また、大久保は討幕反対者の説得と雄藩諸国への出兵要請を考え、洛北で謹慎中であった岩倉具視を訪ね、「討幕の密勅」を朝廷から出してもらうよう画策しました。これは慶喜が10月14日に「大政奉還」をしたことにより、取り下げられますが、薩摩は反対派説得と率兵上京の材料として極秘に利用したのでした。10月には、小松、西郷、大久保らは帰国途中山口により、毛利敬親父子に面会して出兵打ち合わせを行った後帰国し、11月13日には藩主忠義は西郷を伴い軍艦3隻に3千の兵を引き連れて出発、途中三田尻により毛利父子とも会見、23日京都に入ったのでした。
○ 「王政復古」から「鳥羽伏見の戦い」へ
慶応3年12月9日、京都に於いて「王政復古」が宣言され、それに伴い将軍慶喜の辞官・納地が決定し、これが二条城の慶喜に伝えられるや騒然となり、慶喜は不測の事態を避けるため、二条城から大阪城へと移ったのでした。
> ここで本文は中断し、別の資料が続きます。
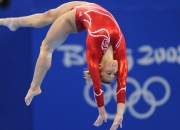 开云官网-王权之下，逆鳞觉醒，西亚卡姆在季后赛的加冕之战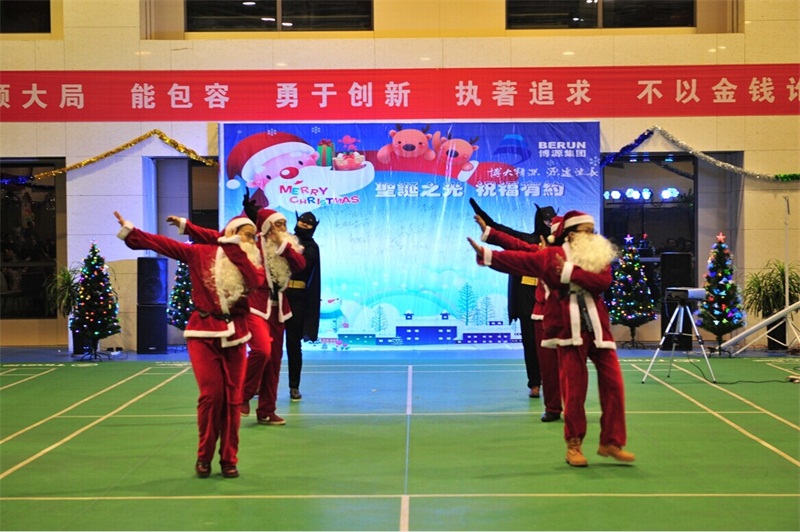 11月24日晚6時30分，博源集團在總部大樓6樓活動中心舉辦“圣誕之光，博源有約”Party，集團董事局主席戴連榮先生與夫人陳靖安女士、總裁賀占海、副董事長梁潤彪、副總裁賈栓等領(lǐng)導(dǎo)應(yīng)約參加圣誕Party，與集團及總部大樓成員企業(yè)130多位員工歡聚一堂，共享節(jié)日的喜悅。 上圖為開場熱舞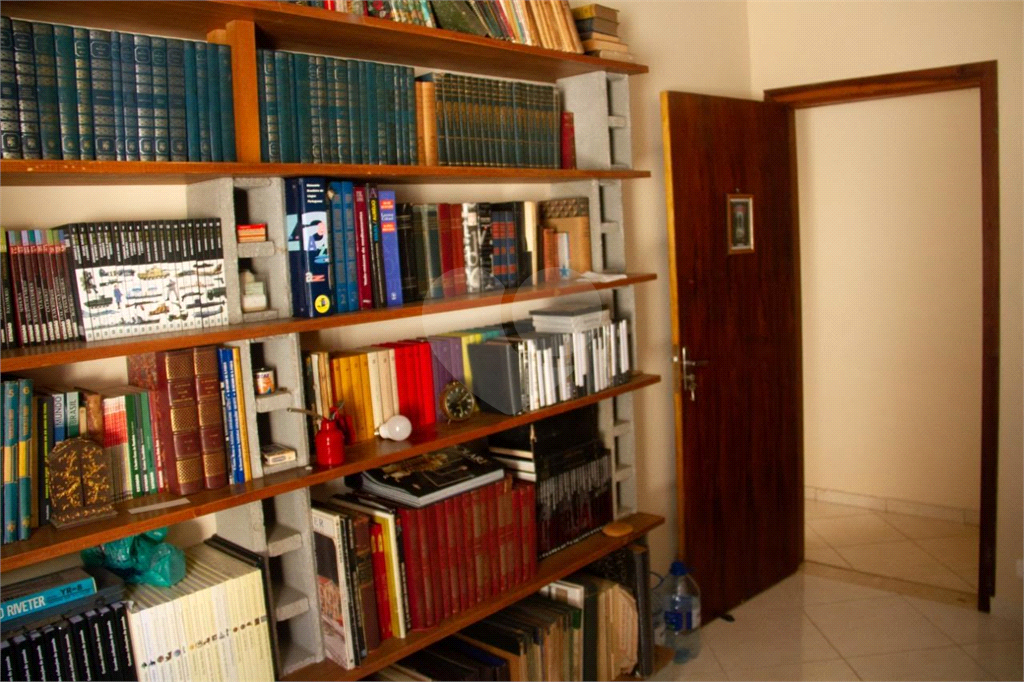 Casa térrea com 3 quartos e 2 vagas no Tremembé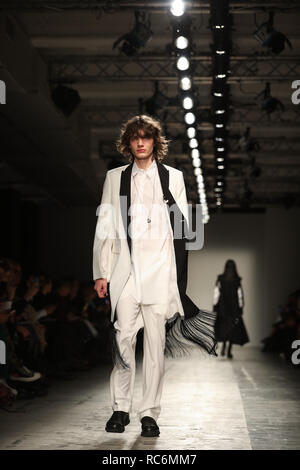 Milan, Italie. 14 Jan, 2019. Présenter les modèles creations pour Isabel Benenato Milan pendant la Semaine de la mode masculine à Milan, Italie, le 14 janvier, 2019. Credit : Cheng Tingting/Xinhua/Alamy Live News Banque D'Images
ところが12月25日、江戸市中を荒らす浪人たちが薩摩藩邸に逃げ込むことから、市中取り締まりの庄内藩などがいきりたち、薩摩藩邸を焼き討ちし、薩摩は50人が死亡、50人余りが船に避難、残りは捕虜となりました。この報が大阪城に伝わると、「薩摩打倒」の声が高まり、1万5千の幕府軍は鳥羽・伏見の両街道から京都の5千の薩長軍めざして進軍、ついに慶応4年1月3日、鳥羽・伏見の戦いが始まったのでした。
しかし、新式装備に勝る薩長の勢いに加え、大久保や岩倉らが事前に準備していた「錦旗の御旗」が翻るのを見た幕府軍は、自分たちは「賊軍」だと知り、急に戦闘意欲をなくして総崩れとなり、また、慶喜は兵を見捨てて夜中に船で江戸へ帰り、寛永寺にて自ら謹慎するとともに、篤姫や和宮に対して朝廷にとりなしをしてもらうよう依頼したのでした。
その後、新政府は東征大総督に有栖川宮熾仁親王を命じ、西郷はその参謀となり戊辰戦争が本格的に始まったのでした。